> Exercise description:
Hand back each record exactly as you find it.

> Given entries:
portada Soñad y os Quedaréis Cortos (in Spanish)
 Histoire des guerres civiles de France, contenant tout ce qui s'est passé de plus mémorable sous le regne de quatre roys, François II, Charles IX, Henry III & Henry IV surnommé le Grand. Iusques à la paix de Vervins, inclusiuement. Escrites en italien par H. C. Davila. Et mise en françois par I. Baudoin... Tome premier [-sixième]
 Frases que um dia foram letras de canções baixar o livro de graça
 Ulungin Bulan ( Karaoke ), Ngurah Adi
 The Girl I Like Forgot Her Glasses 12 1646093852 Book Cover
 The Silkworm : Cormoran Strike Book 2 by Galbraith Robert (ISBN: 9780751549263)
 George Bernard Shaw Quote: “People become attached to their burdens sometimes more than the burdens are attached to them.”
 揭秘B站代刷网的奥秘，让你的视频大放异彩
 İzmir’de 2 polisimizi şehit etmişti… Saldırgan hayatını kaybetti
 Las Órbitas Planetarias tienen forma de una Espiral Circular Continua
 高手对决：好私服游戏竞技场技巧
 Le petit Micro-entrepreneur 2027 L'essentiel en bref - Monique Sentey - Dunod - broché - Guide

> Answer space:
portada Soñad y os Quedaréis Cortos (in Spanish)
 Histoire des guerres civiles de France, contenant tout ce qui s'est passé de plus mémorable sous le regne de quatre roys, François II, Charles IX, Henry III & Henry IV surnommé le Grand. Iusques à la paix de Vervins, inclusiuement. Escrites en italien par H. C. Davila. Et mise en françois par I. Baudoin... Tome premier [-sixième]
 Frases que um dia foram letras de canções baixar o livro de graça
 Ulungin Bulan ( Karaoke ), Ngurah Adi
 The Girl I Like Forgot Her Glasses 12 1646093852 Book Cover
 The Silkworm : Cormoran Strike Book 2 by Galbraith Robert (ISBN: 9780751549263)
 George Bernard Shaw Quote: “People become attached to their burdens sometimes more than the burdens are attached to them.”
 揭秘B站代刷网的奥秘，让你的视频大放异彩
 İzmir’de 2 polisimizi şehit etmişti… Saldırgan hayatını kaybetti
 Las Órbitas Planetarias tienen forma de una Espiral Circular Continua
 高手对决：好私服游戏竞技场技巧
 Le petit Micro-entrepreneur 2027 L'essentiel en bref - Monique Sentey - Dunod - broché - Guide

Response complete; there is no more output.